Okay. If your neighbor has already acquired an easement of light and view
against you, pasensha ka pare ko you cannot construct closer than 3 meters
to the boundary line kung meron na syang light and view. Alright.
Next point yung intermediate distances etc tandaan lang natin the law
makes a distinction between tall trees and small trees. Okay. Natatandaan ko
meron isang bata na kumakanta. Sabi nung bata, When I was small and
Christmas trees were tall. Dito meron distinction between tall trees and
small trees. You are not supposed to plant trees very close to the boundary
line of your property. With respect to tall trees you have to observe a
distance of at least 2 meters. Pagdating sa small trees, 50 centimeters. And
then ahhh ayun yung magandang provision Art 681.. ah before that Art 680.
If the branches of the tree of your neighbor extends over your property, you
dont have the right to cut off those branches. You demand from your
neighbor na putulin mo yan okay. Pero kung ang invasions is from below,
yung mga roots ah pwede mong kuwan yan, pwede mong tagain yan, you
can cut off the roots.
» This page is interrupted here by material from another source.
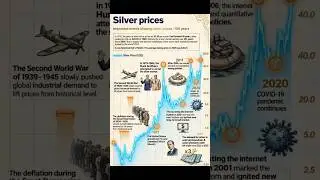 Silver Price History 📈 | 100 Years Explained #silver #investing #finance  #viral #trading #ytshorts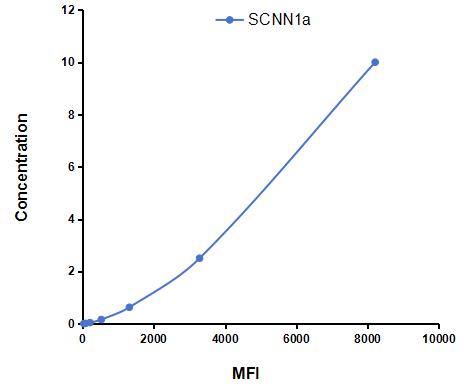 Multiplex Assay Kit for Amiloride Sensitive Sodium Channel Subunit Alpha (SCNN1a) ,etc. by CBA (Cytometric Bead Array)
Okay. Now, yun naming branches extending over your
property hindi naman puro damage or injury yan, possible din na mei benefit.
Halimbawa matamis yung manga na nka pwesto dun sa kanyang property,
some branches extend over your land. Okay? Number 1 rule, bawal hong
yugyugin ang branch. The law simply gives you the right over the fruits
which fall naturally. Okay? So hindi pwedeng sungkitin, hindi pwedeng
yugyugin. Kung ano lang malaglag un lang. Alright.
Easement against nuisance, its not really an easement. It is simply a
restriction on property. Okay. Ahhh.
Easement of lateral and subjacent support. Kung yung properties are
on the same planes on the same level, ang tawag jan easement of lateral
and subjacent support. If one easement or one property is below that would
involve subjacent support.
Voluntary easements you simply read these provisions. Ahhh. If the
property is under co-ownership to impose an easement on the property, all
co-owners of the property must give their consent. With respect to perpetual
voluntary easements, if naked ownership is vested in one person while the
usufruct or beneficial ownership is vested in another you cannot impose a
perpetual voluntary easement without the consent of both owners ha.
I think we can start with nuisance next time. Konti nalang ito.
Nuisance. Modes. Tapos. Alright. So lets close with a prayer. Our Father.